EXERCISE INSTRUCTIONS:
Strip the pictures and reproduce the rest of the listing exactly.

** Opening DATASET CONTENT block **

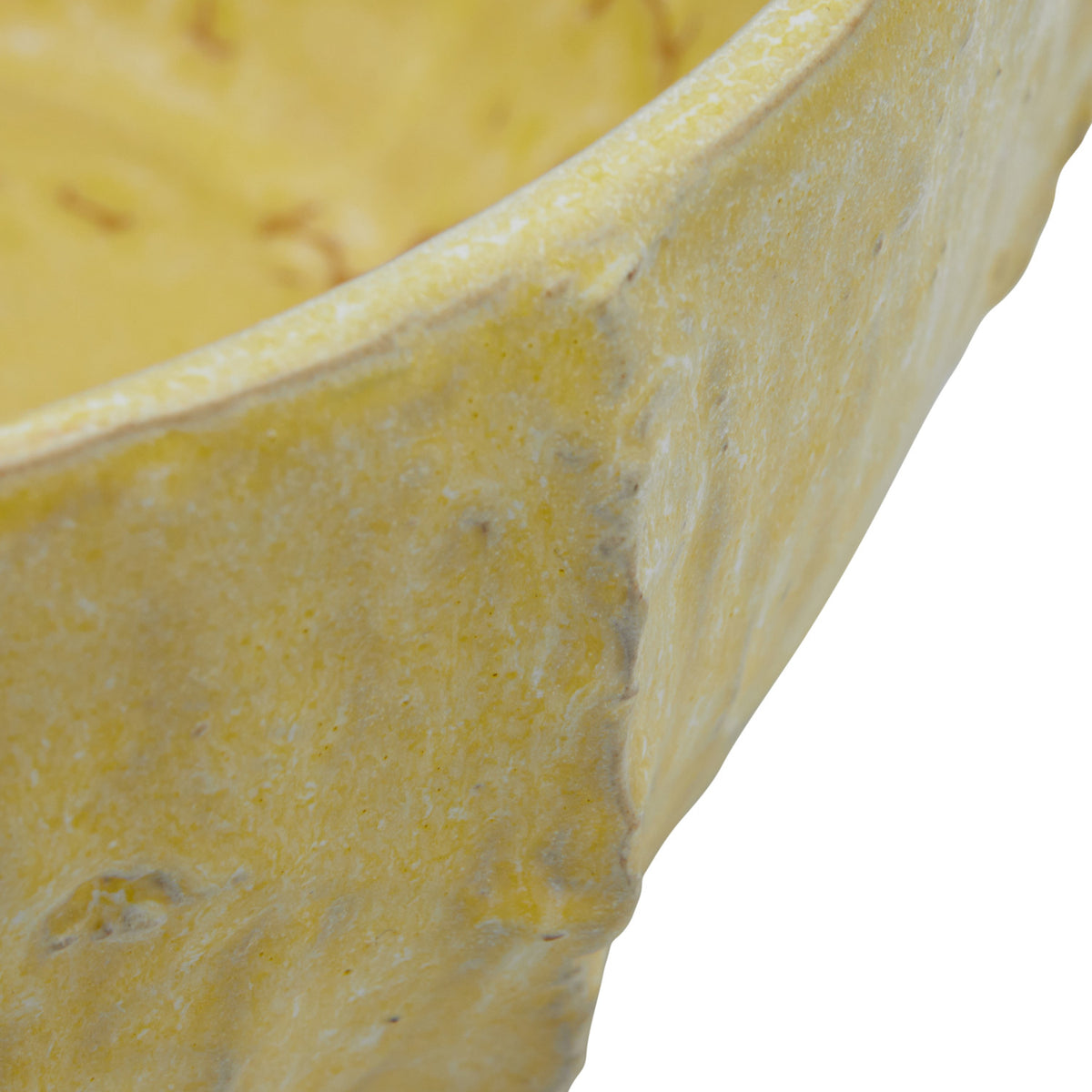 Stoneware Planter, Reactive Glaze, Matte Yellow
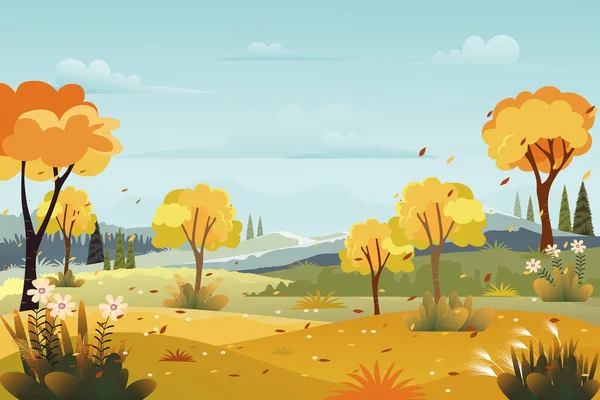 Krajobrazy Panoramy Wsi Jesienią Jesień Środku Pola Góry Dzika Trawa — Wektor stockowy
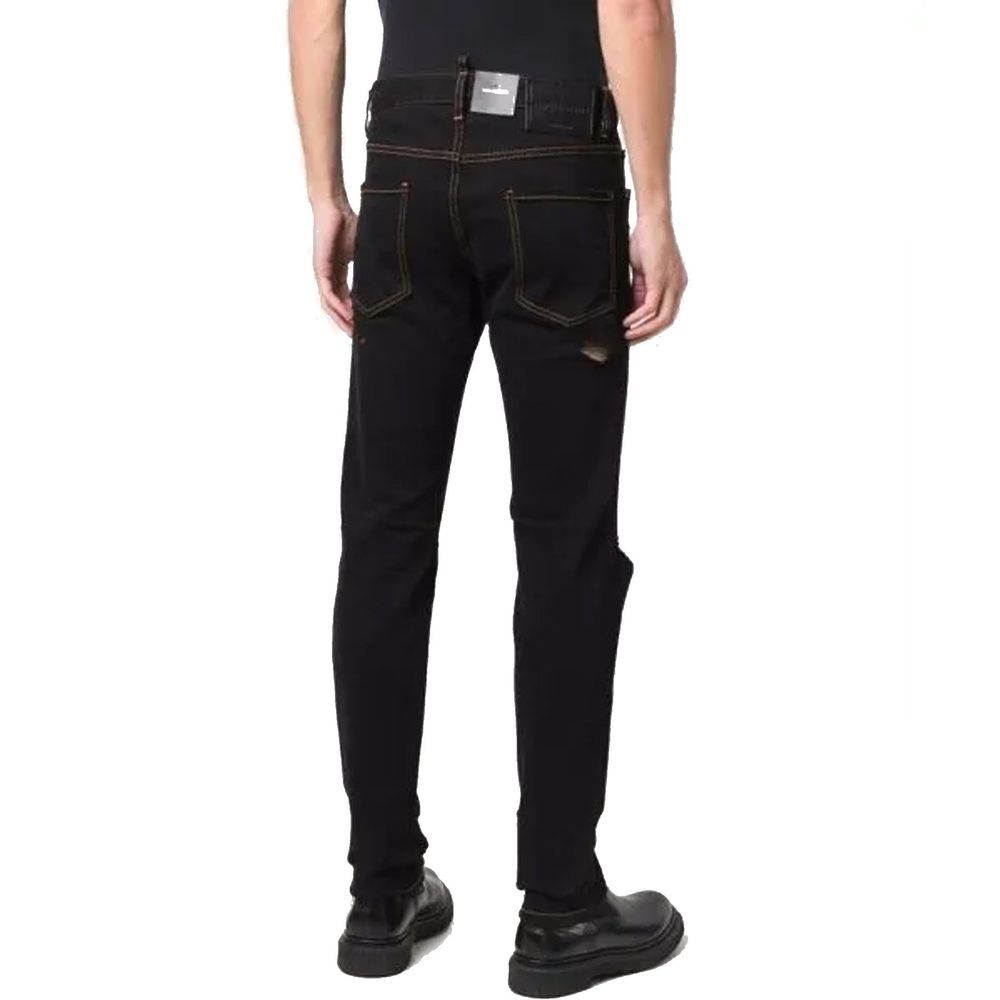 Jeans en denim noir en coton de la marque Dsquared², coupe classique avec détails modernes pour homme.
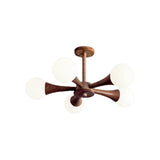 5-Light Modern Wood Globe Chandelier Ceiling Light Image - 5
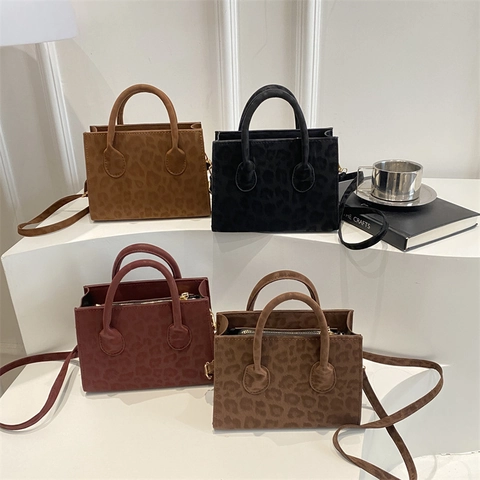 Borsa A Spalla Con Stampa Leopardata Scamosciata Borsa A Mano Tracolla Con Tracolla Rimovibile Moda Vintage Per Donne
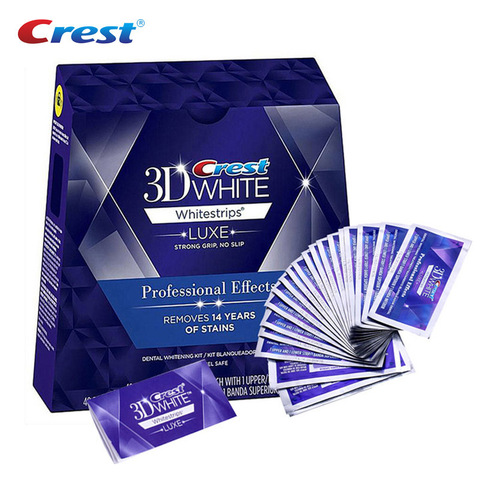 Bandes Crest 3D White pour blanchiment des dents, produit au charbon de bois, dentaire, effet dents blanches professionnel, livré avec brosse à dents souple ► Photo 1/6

** Closing DATASET CONTENT block **

ANSWER TO THE PROBLEM:
 Stoneware Planter, Reactive Glaze, Matte Yellow
 Krajobrazy Panoramy Wsi Jesienią Jesień Środku Pola Góry Dzika Trawa — Wektor stockowy
 Jeans en denim noir en coton de la marque Dsquared², coupe classique avec détails modernes pour homme.
 5-Light Modern Wood Globe Chandelier Ceiling Light Image - 5
 Borsa A Spalla Con Stampa Leopardata Scamosciata Borsa A Mano Tracolla Con Tracolla Rimovibile Moda Vintage Per Donne
 Bandes Crest 3D White pour blanchiment des dents, produit au charbon de bois, dentaire, effet dents blanches professionnel, livré avec brosse à dents souple ► Photo 1/6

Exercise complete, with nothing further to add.